> _WORK TO BE COMPLETED_
Beginning at the line that contains "Hello everyone! In" and finishing at the line that contains "In this video", output the data below exactly. Include both end lines and no pictures.

> _COLLECTED DATA_
==*==
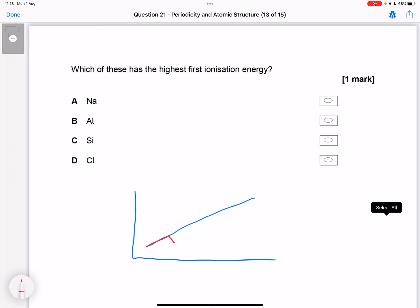We go sodium to magnesium, then drop down a bit to aluminium — a new subshell gives us that little dip. Then it goes up again from aluminium to silicon to phosphorus, but it drops down again at sulfur because of pairing in a p orbital, and then goes back up to chlorine and argon at the end.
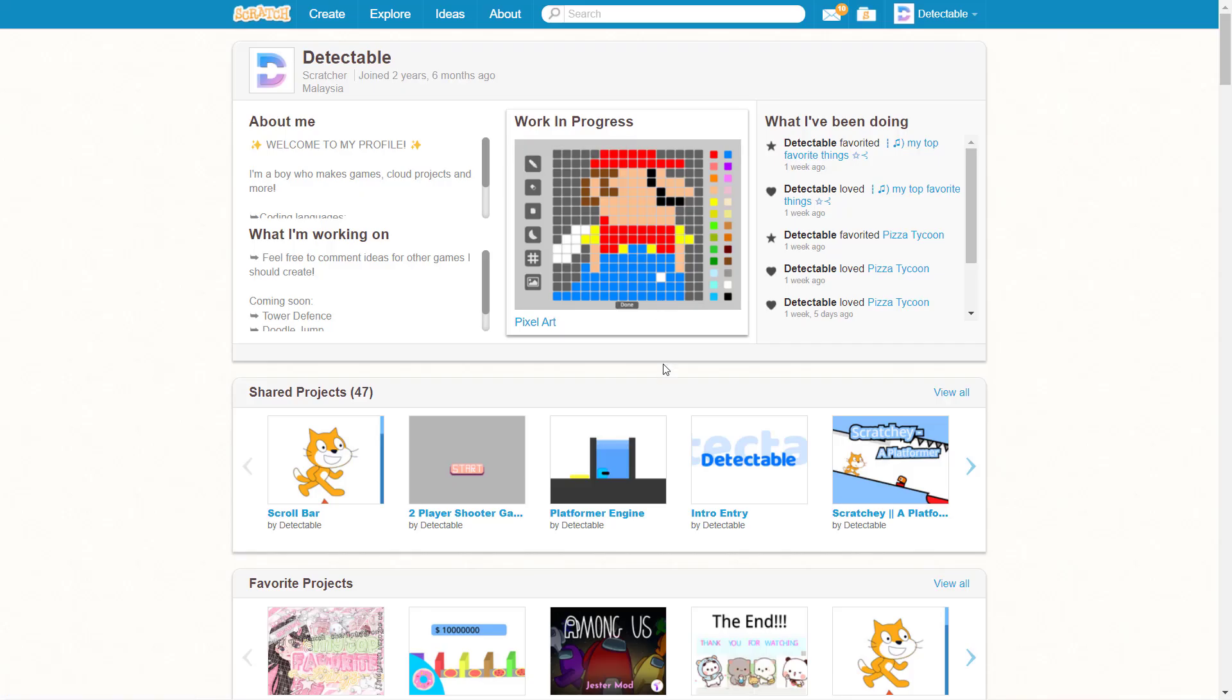Hello everyone! In this episode, I will be showing you how to follow yourself on Scratch. Some of you may think this is not possible, but it turns out it is.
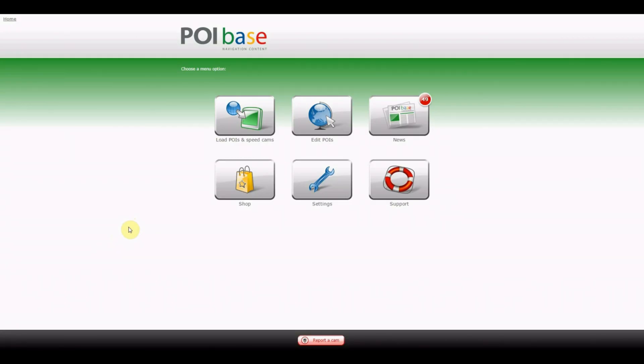In this video we will demonstrate how to import personal POI categories into the POI-based system and how to create empty categories and add POIs to them by the interactive map.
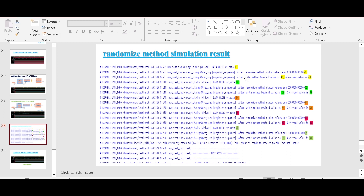Any transaction on the DUT will update the desired and mirrored value variables. So after 43, the desired and mirrored variables will be updated to 43. Then after 08, both will be updated to 08, and so on.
==*==
> _SOLUTION TO THIS PROBLEM_
Hello everyone! In this episode, I will be showing you how to follow yourself on Scratch. Some of you may think this is not possible, but it turns out it is.
In this video we will demonstrate how to import personal POI categories into the POI-based system and how to create empty categories and add POIs to them by the interactive map.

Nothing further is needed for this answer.